TASK PROMPT: Without including any image, retype the records word for word.

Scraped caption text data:
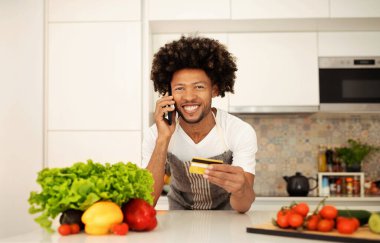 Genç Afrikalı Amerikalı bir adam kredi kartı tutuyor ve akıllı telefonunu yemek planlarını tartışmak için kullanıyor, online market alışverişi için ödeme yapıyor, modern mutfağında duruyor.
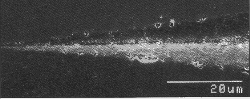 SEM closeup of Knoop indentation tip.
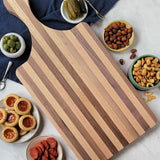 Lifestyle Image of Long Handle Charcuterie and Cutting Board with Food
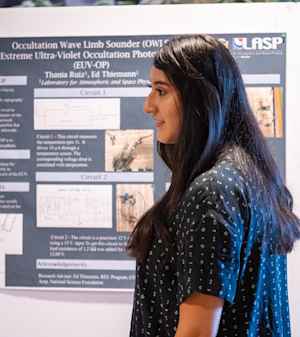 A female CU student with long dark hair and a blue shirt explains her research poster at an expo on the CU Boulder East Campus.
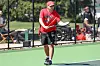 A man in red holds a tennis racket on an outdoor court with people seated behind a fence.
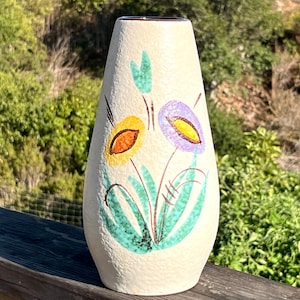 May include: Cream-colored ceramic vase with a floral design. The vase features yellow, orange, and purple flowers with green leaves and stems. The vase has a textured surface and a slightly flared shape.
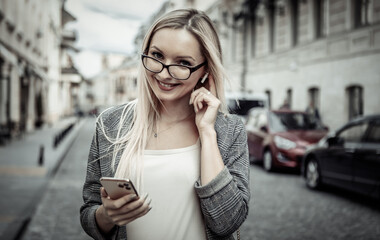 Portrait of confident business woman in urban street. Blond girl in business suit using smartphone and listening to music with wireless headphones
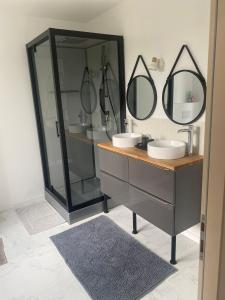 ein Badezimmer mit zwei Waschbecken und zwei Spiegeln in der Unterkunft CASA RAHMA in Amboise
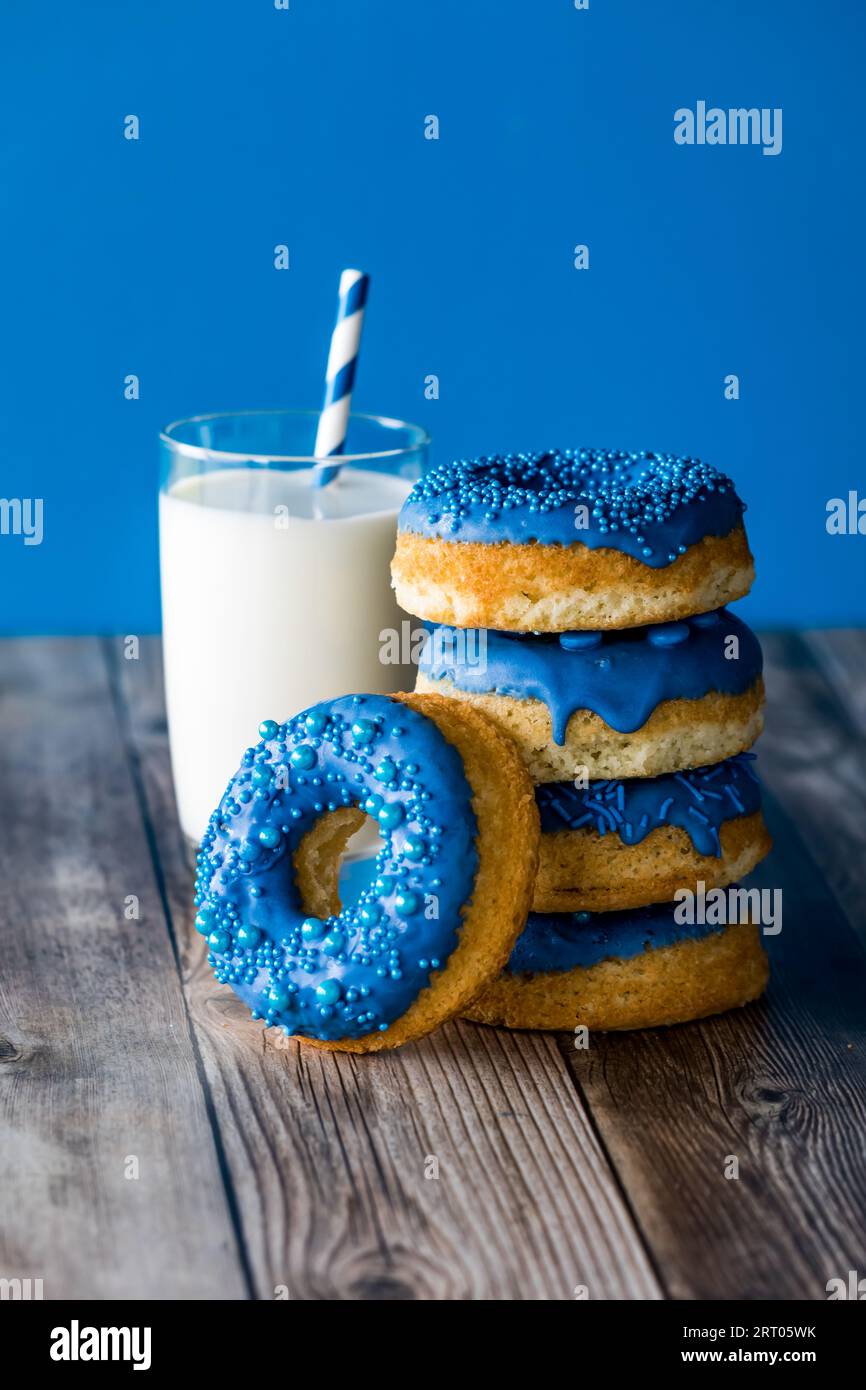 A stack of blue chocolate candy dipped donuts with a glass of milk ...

WRITTEN ANSWER:
 Genç Afrikalı Amerikalı bir adam kredi kartı tutuyor ve akıllı telefonunu yemek planlarını tartışmak için kullanıyor, online market alışverişi için ödeme yapıyor, modern mutfağında duruyor.
 SEM closeup of Knoop indentation tip.
 Lifestyle Image of Long Handle Charcuterie and Cutting Board with Food
 A female CU student with long dark hair and a blue shirt explains her research poster at an expo on the CU Boulder East Campus.
 A man in red holds a tennis racket on an outdoor court with people seated behind a fence.
 May include: Cream-colored ceramic vase with a floral design. The vase features yellow, orange, and purple flowers with green leaves and stems. The vase has a textured surface and a slightly flared shape.
 Portrait of confident business woman in urban street. Blond girl in business suit using smartphone and listening to music with wireless headphones
 ein Badezimmer mit zwei Waschbecken und zwei Spiegeln in der Unterkunft CASA RAHMA in Amboise
 A stack of blue chocolate candy dipped donuts with a glass of milk ...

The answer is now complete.